Hopefully this new dude brings some of the magic back to the company.
They said the same thing with Pat Gelsinger's taking over as CEO of Intel. Time will tell. Gelsinger had been very successful in his career at Intel, primarily in his engineering leadership, culminating as CTO from 2001 until 2009. When he returned to Intel as CEO from 2021-2024, success was spotty at that role, particularly with adjusting to Apple's move to its own Apple Silicon SOC to replace Intel technology on Macs, as well as with rapidly giving ground to AMD in the PC markets.An engineer as a CEO. That’s promising!
Good riddance. Apple needs a leader thats product focused. Tim Apples political focus did very little for the brand, while the product lines became stale and uninspiring.
I disagree. Most of these companies tech savvy people will find the news interesting. But other than maybe meta and tesla the rest no one cares. Especially oracle, amazon, google, and IBM. The moment a company stops selling products and just starts selling “business solutions and cloud data infrastructure software” their CEO can literally be anybody and no one will care. Tesla matters only because elon musk is an Internet personality and Meta because the famous founder still runs it. But the moment these companies change hands, no one will care who their CEO is. I still believe that Apple and Disney are the only companies culturally relevant enough for people to care about CEO transitions. Right now it feels like a new pope has been selected at apple. If IBM got a new CEO there would be no message boards talking about it. Maybe google might fit here somewhere but I am stretching since google itself has also made CEO’s irrelevant.Oracle? Amazon? IBM? Google? Ford? Movie studios in general? Meta? Tesla? Microsoft? Boeing? I could keep going…
Hip hip hooray! Cook ended up being the worst possible choice to succeed Steve Jobs as Apple's CEO - at least in terms of product design, user experience, and genuine innovation.
If you disagree, name two products released under Cook's tenure — not products already in Steve's pipeline (which typically stretched five years into the future) — that have proven more profitable than the iPhone or the iPad.
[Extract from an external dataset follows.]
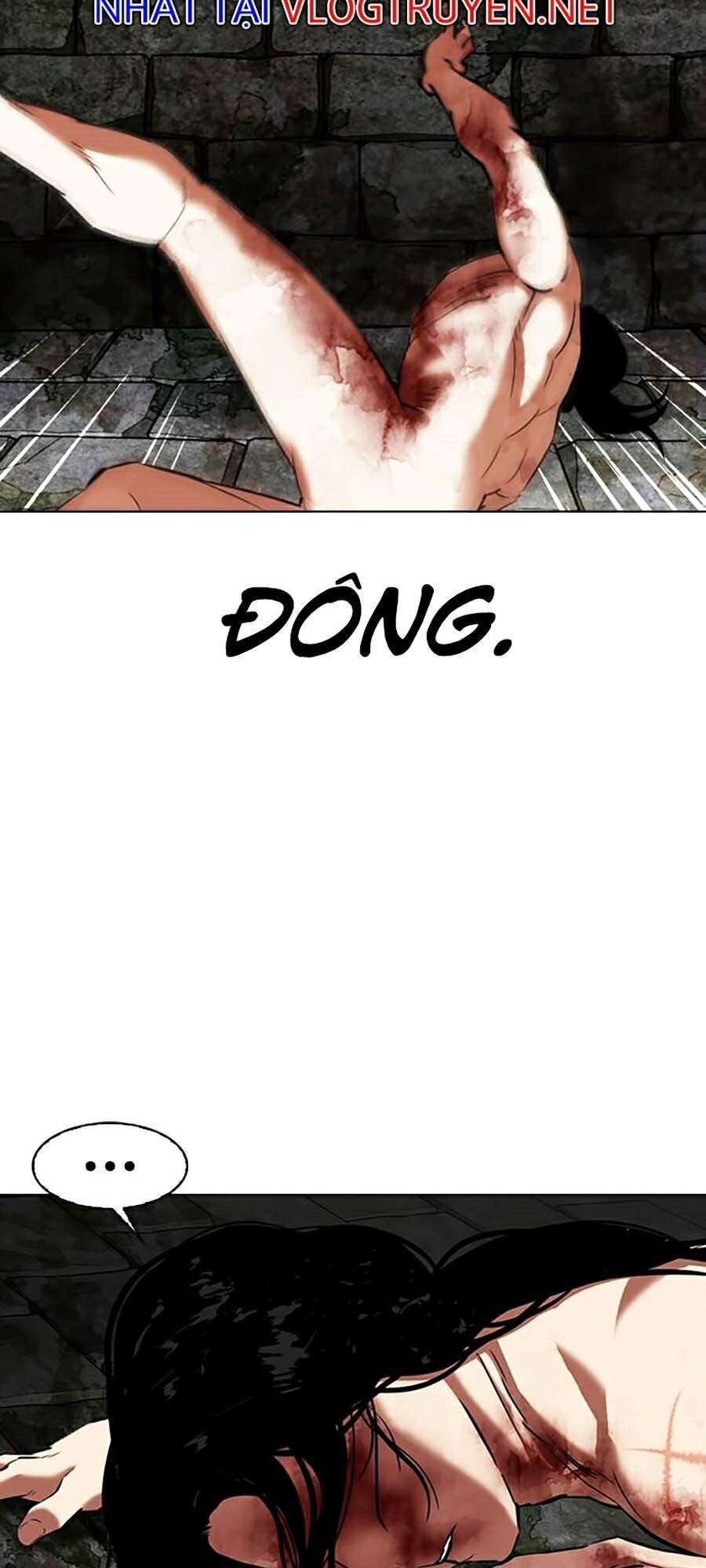 Lookism Chapter 346 - Trang 2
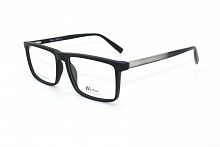 Оправа Nikitana 5326 C2 57-18-145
And please spare me the "there's nothing left to invent" excuse.
To be fair, Cook delivered financially in some ways. There's no disputing that. But consider this: Steve Jobs built the ship, launched it, walked away, came back, and posted revenue growth numbers Cook can only dream about. When Jobs passed, Cook took the helm of the already highly successful F/V Apple as Captain Miser — penny-pinching his way to the top, with profits as his true north star rather than products. In short, Jobs built the ship, Cook just sailed it. I'm thrilled to see him go. I've been waiting years for this.
Oh, and for anyone pointing to Apple's rising market cap as one of Cook's crowning achievements, consider the following:
Jobs - 1997 to 2011 (14 years):
$2.3 billion → $337 billion, a 146x increase
Cook - 2011 to 2025 (14 years):
$348 billion → $4 trillion, an 11.5x increase
Apple stock you say? Here are some numbers for you (split adjusted):
Steve Jobs era (as CEO) 1997 to 2011:
Starting point - 1997:
$0.12–$0.15 per share (split-adjusted)
Ending point - 2011:
$12-14 per share
% gain: Approximately 6,000%–7,000%
Tim Cook era as CEO 2011 to 2025 (14 years):
Starting point 2011:
$12–$14 per share
Ending point (comparing the same 14 year tenure, ending in August of 2025):
$190-210+ per share
% gain: Approximately 1,300%-1,600%
Apple also became the world's most valuable company for the first time under Jobs.
Regardless of these numbers, it's far more impressive to essentially lead the building of what would become a billion dollar company in less than a decade out of your garage when you're 21 years old with a few thousand dollars and a dream, only to get fired by a joke of a CEO and board of directors, and yet still come back to turn it into the world's most valuable company, than it is for a 50 year old to take a multi billion dollar, globally popular company with a cult following, that was already valued well over a quarter trillion dollars, and penny-pinch his way to a 4 trillion dollar company.